Sahte Belge ve Diploma Skandalı Meclis Gündeminde
DEM Parti İstanbul Milletvekili Cengiz Çiçek, Türkiye’yi sarsan sahte belge ve diploma şebekesinin faaliyetlerini, kamu kurumlarındaki ihmalleri ve dijital sistemlerdeki açıkları Türkiye Büyük Millet Meclisi’nin (TBMM) gündemine taşıdı. Çiçek, konunun tüm boyutlarıyla araştırılması için bir Meclis araştırma önergesi sundu.
Çiçek, Türkiye’nin hem teknik altyapısında hem de toplumsal yapısında ciddi bir güven ve meşruiyet krizi yaşandığını vurguladı. Devletin dijital sistemlerine sızarak yüzlerce sahte belge düzenleyen bu organize suç şebekesinin varlığının, sadece bireysel suçları değil, aynı zamanda devletin denetim ve hesap verebilirlik mekanizmalarının çöküşünü de gösterdiğini belirtti.
“E-DEVLET, YÖKSİS VE MEB SİSTEMLERİNE YETKİSİZ ERİŞİM SAĞLANDI”
Ankara Cumhuriyet Başsavcılığı’nın yürüttüğü soruşturmaya dikkat çeken Çiçek, “Sahte diploma, transkript, sürücü belgesi ve sınav belgelerinin üretildiği geniş çaplı bir sahtecilik ağı ortaya konmuştur” dedi. İçişleri Bakanı Ali Yerlikaya’nın açıklamalarını hatırlatan Çiçek, operasyonlara dair şu bilgileri paylaştı:
- Farklı tarihlerde 23 ilde ve 16 ilde operasyonlar düzenlendi.

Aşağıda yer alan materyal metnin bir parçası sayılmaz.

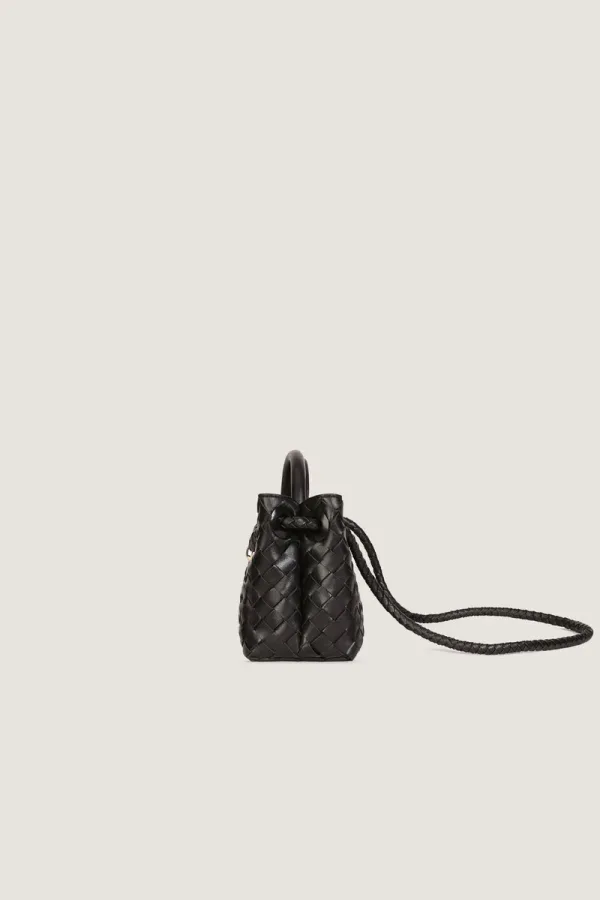 Norfolk Square Mini Leather Handbag – Black – view 2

- Toplam 197 şüpheli yakalandı.
- Yakalananlardan 37’si tutuklandı, 150’si hakkında adli kontrol kararı verildi.
- Soruşturma kapsamında 57 üniversite diploması, 4 lise diploması ve 108 sürücü belgesinin sahte olduğu tespit edildi.
Milletvekili, suç ağının Bilgi Teknolojileri ve İletişim Kurumu (BTK), Yükseköğretim Kurulu (YÖK) ve Millî Eğitim Bakanlığı (MEB) gibi kurumların üst düzey yöneticilerine ait e-imzaları kopyalayarak e-Devlet, YÖKSİS ve MEB sistemlerine sızdığını ifade etti.
Sahtecilik Ağı Nasıl İşliyordu?
Çiçek, iddianamede yer alan bilgilere göre şebekenin çalışma yöntemini şöyle aktardı:
“TÜRKTRUST ve E-İMZATR adlı elektronik sertifika sağlayıcılarının Adana, Mersin, Hatay, Ankara ve İstanbul’daki bayileri üzerinden sahte T.C. kimlik kartları ve sürücü belgeleriyle e-imzalar üretilmiştir. Bu e-imzalarla Gazi, Atatürk, Ege, Mersin, İnönü, Yıldız Teknik ve İbrahim Çeçen Üniversitelerinin sistemlerine girilmiş; sahte mezuniyet kayıtları oluşturulmuş ve sınav sonuçları manipüle edilmiştir.”
Şebekenin sosyal medya üzerinden “e-Devlet garantili diploma” ilanları vererek müşteri bulduğunu belirten Çiçek, sahte belgeler için 50 bin TL ile 2,5 milyon TL arasında değişen ücretler talep edildiğini ve ödemelerin bir kısmının kripto para ile yapıldığını ekledi.
“Sahte Belgelerle Göreve Başladılar” İddiası ve Siyasi Boyut
Skandalın boyutlarına dikkat çeken Çiçek, şebeke lideri olduğu iddia edilen Ziya Kadiroğlu‘nun geçmişte benzer suçlardan hapis cezası almasına rağmen Düzce Üniversitesi’nde doktora programına kabul edildiği iddiasını gündeme getirdi. Çiçek, “Yaklaşık 400 akademisyen ve 40 milletvekilinin sahte belgelerle göreve başladığı ileri sürülmüştür. Bu iddialar resmi makamlarca doğrulanmamış olmakla birlikte; soruşturmanın genişliği ve siyasete uzanan boyutları, kamuoyunda ciddi şüphelerin oluşmasına neden olmuştur” dedi.
“Türkiye Bu Tarz Suç Yapılarının Üreticisi Haline Geldi”
BTK’nın üst düzey yöneticilerinin e-imzalarının kopyalandığı iddialarına rağmen kurumun sessiz kalmasını eleştiren Çiçek, bu durumun güven krizini derinleştirdiğini söyledi. Kamu yönetiminde liyakat ve hesap verebilirlik ilkelerinin tasfiye edildiğini belirten Çiçek,
“Yakın geçmişte gündeme gelen ‘yeni doğan bebek çetesi’ vakasında olduğu gibi, Türkiye artık bu tarz suç yapılarının üreticisi ve taşıyıcısı haline gelmiştir”
ifadelerini kullandı. Çiçek, Meclis’in derhal devreye girerek bu şebekenin tüm bağlantılarını, kamu ihmallerini ve siyasi sorumluluk zincirini ortaya çıkarmak için bir Araştırma Komisyonu kurmasının zorunlu olduğunu vurguladı.